When we do this to women in the Bible, it leaves other women behind. We, too, are complex, flawed individuals who have agency within our own lives. Neither I nor any other woman can be reduced down to a choice that a man made. The other women discussed that night - Bathsheba, Delilah - were people before they were introduced in the Bible and they were people long after their stories stopped being recorded.

This is not the first time a biblical woman has been unfairly depicted as flat, two-dimensional and as only important in how she relates to a man's story, thoughts and choices. In a blog post to her website called "Esther and Vashti: The Real Story," Rachel Held Evans writes, "only in the midst of the true contours and colors of the text do the characters of the Bible find their depth."

Digging into biblical stories of women and their lives can help us enrich our view of womanhood. This doesn't mean that this is how Pastor Ramsey views all women. Instead, I think it can be an opportunity to rethink the way we talk about biblical women, paying special attention to the fact that the discussion surrounding women in the Bible has a deep impact on the women who hear and participate in the discussion.

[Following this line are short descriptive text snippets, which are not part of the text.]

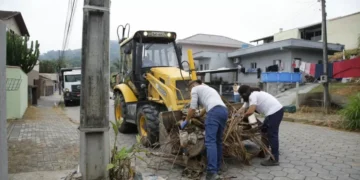 Mutirão contra a dengue em Blumenau remove mais de 3 toneladas de entulho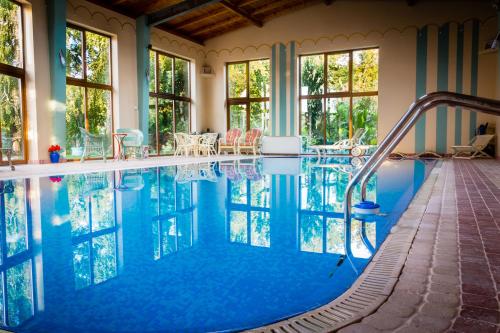 a swimming pool with a slide in the middle at Daiconi Boutique House in Miniş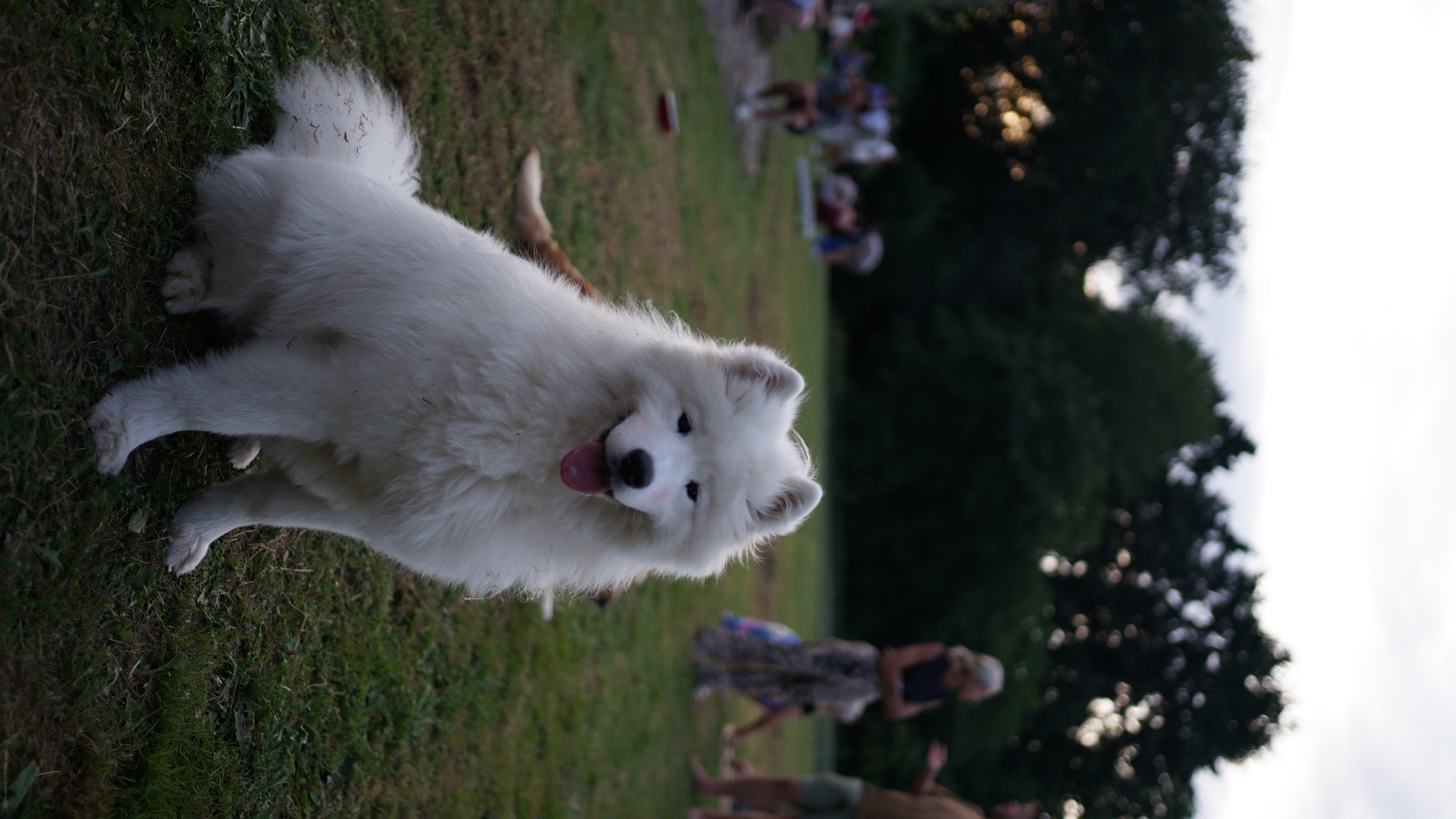 DSC04413.JPG
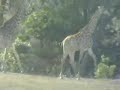 AFRICAM
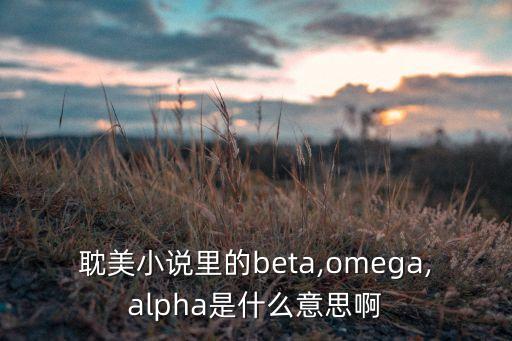 耽美小說里的beta,omega,alpha是什么意思啊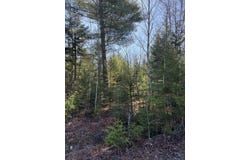 18-b Back Pasture Lane, Blue Hill, ME 04614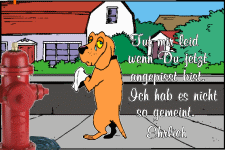 Tut mir leid, wenn du jetzt angepisst bist. Ich habs nicht so gemeint. Ehrlich.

Last Monday night's message left me feeling discouraged, disenfranchised and undervalued - maybe we as a Taylor community can work towards being a community whose language about women empowers us, lifts us up and makes us feel included in the Kingdom of God. I believe faithful consideration is an important first step towards this crucial goal - we are a better Body when all members are given an equal value and voice.